Lawsuits against the fossil fuel companies for ignoring climate damage aren’t new. But in past years most didn’t advance far through the legal systems. This is changing.

In the past six years alone more than 1,400 climate lawsuits have hit the courts. Many of these are advancing as climate damages worsen and become measurable, and as evidence of corporate malfeasance mounts. Plus, current actions by lawmakers and policy-makers have proven inadequate to meet calls for justice and accountability.

Starting with the #Exxonknew investigation of 2015, the fossil fuel industry can no longer pretend they don’t know the damages their products cause. The potential liability extends to ad agencies that promote fossil fuel lies, to the banks that finance the fossil fuel industry, and to governments that don’t take action.
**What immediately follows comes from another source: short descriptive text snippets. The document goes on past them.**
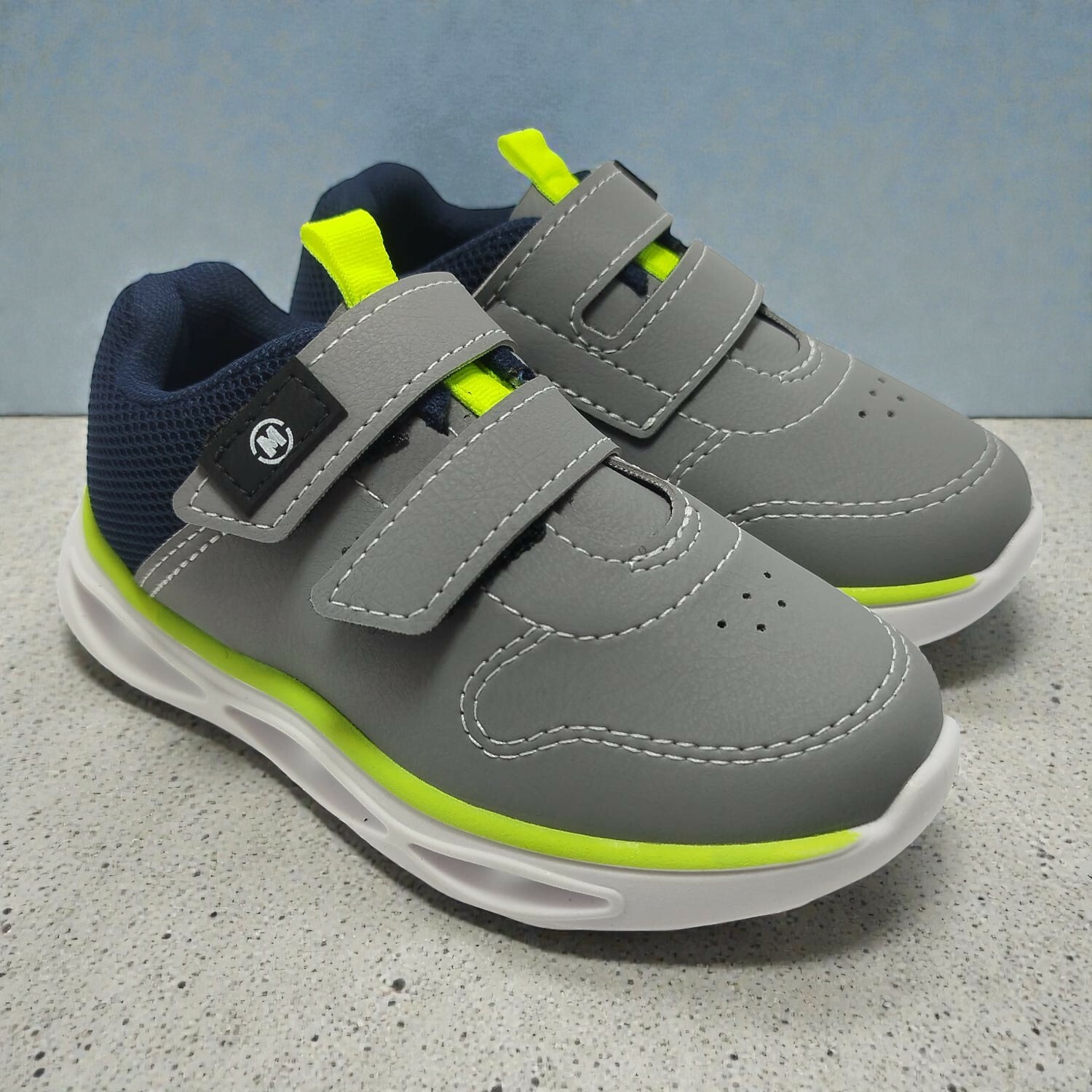 2620.116.29367.73049.1 21/26 Tênis Infantil Molekinho Cinza com LED - Caixa com 8 pares - Atacado 1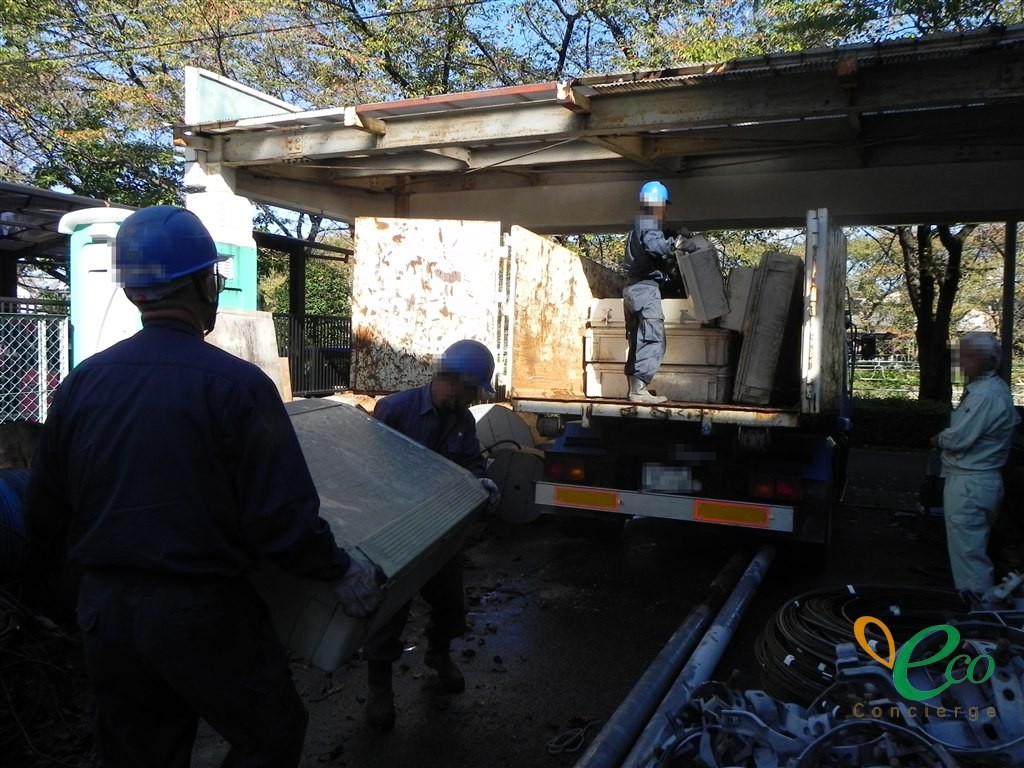荷台に積み込んでいるところです。事前に量が分かっていると、車両の手配がしやすくなります。現場作業は協力会社が行います。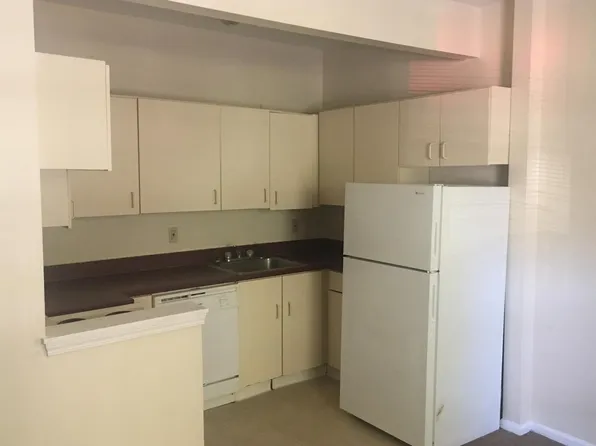 313 Baynes St APT 5, Buffalo, NY 14213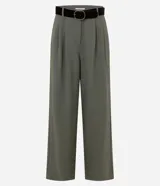 Pantalón de sastrería modelo wide leg color verde militar, confeccionado en crepé. Presenta pliegues delanteros, cintura con trabillas e incluye un cinturón de gamuza a tono.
Even individuals are a growing target as shown by recent legal action against Shell board members at how they failed to disclose and respond to climate risks. In another case Honolulu’s effort to hold oil company executives accountable for climate change damage is advancing.

Few cases have won so far but more and more will. The fossil fuel industry has had its way for over a century, but the tables are turning. Let’s hope it’s in time.

Bob Potter,
Boalsburg

Regime Change

The phrase “regime change” is generally understood to mean a basic altering of a country’s governmental structure. We tried (but failed) to achieve regime change in Vietnam, we tried (with limited success) to achieve it in Iraq, and Russia is trying to achieve it now in Ukraine.

But there is another, more limited, meaning to the term, namely an effort to replace the specific leadership of a government without altering the overall structure of that government itself. We might call this “regime change light.”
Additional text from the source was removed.